Раз почуяв неладное, Энни не успокаивалась, пока не убеждалась, что поняла все если не умом, то сердцем.
– Помнишь сказку про курицу, которая хотела прокатиться на лисе? Лиса-то ее несла в нужную сторону, только курица так и не добралась до ярмарки. Мессир Жафрез – брат настоятеля Экарния, а настоятелю нужны наш замок и земли. А его светлейшеству архиепископу нужны мы, и это еще хуже.
– Но почему? Ведь это же архиепископ, наместник Престола Света Истинного. Разве он может желать нам зла?
– Конечно не может, – ласково сказала Женевьева, любуясь, как Энни расплетает косу и проводит гребнем по золотящимся в отблесках жаровни волосам. – Но простым людям, таким как мы, следует держаться подальше от властителей мира сего. Иначе будет как с зернышком, которое жернова размололи, даже не заметив. Энни, дорогая, это дитя, которое я ношу, нужно многим, и, если мы хотим сохранить его, лучше…

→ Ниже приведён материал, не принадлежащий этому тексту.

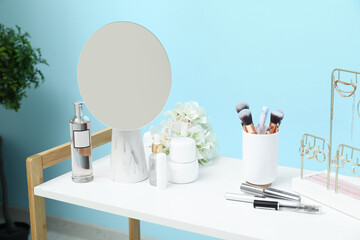 Different decorative cosmetics with mirror and jewellery on white table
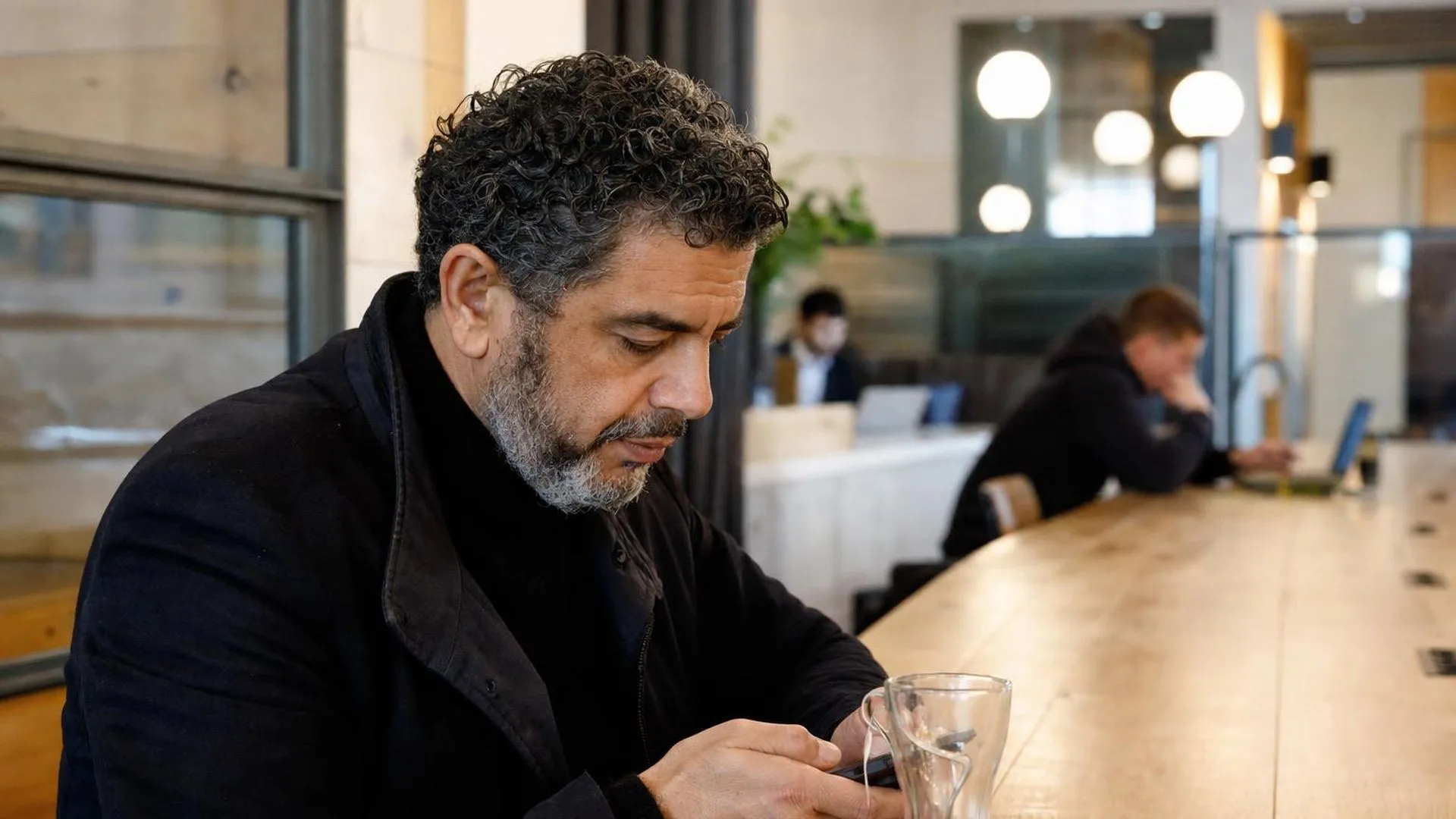 Persoon zit alleen aan een grote tafel en kijkt naar beneden, zichtbaar gespannen
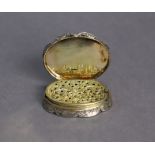 A Victorian silver vinaigrette by Nathaniel Mills, of flat oval shape with lobed border & engraved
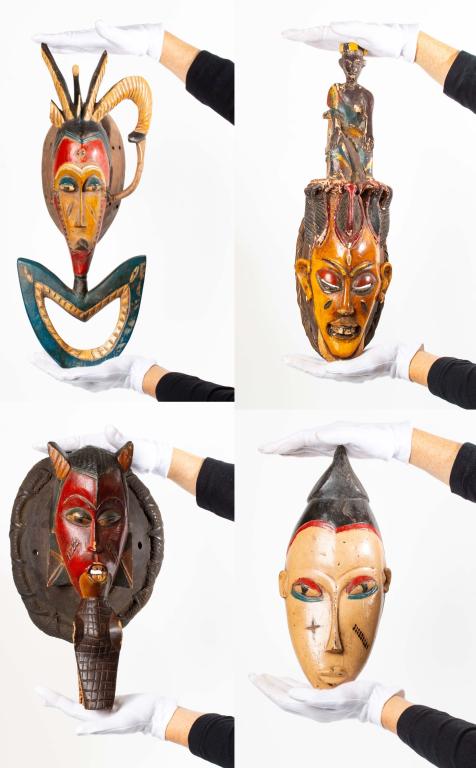West African Style Mask Grouping: Item/Description: Four assorted decorative African masks. Lot includes: - Colorful West African style painted masks. Two-tiered hand carved decorative mask. Material: Wood, paint, straw, twine Dimensi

Она запнулась, но дочь серьезно кивнула, распуская шнуровку на платье. Раздеться полностью в карете было бы слишком неудобно, поэтому спали они одетыми, утром и вечером для чистоты ухитряясь воспользоваться мокрыми полотенцами, которые приносил Эрек.
– Я поняла, матушка. Вы не хотите отдавать малыша, да? Ни Церкви, ни тому человеку…
– Да, лисичка, – облегченно выдохнула Женевьева. – Я не хочу отдавать его, как не отдала бы вас. И прошу тебя, будь с мессиром Жафрезом любезной, но очень-очень осторожной. Не разговаривай с ним без меня или Эрека, тем более что это непристойно. И если мессир что-то скажет тебе наедине – немедленно говори мне.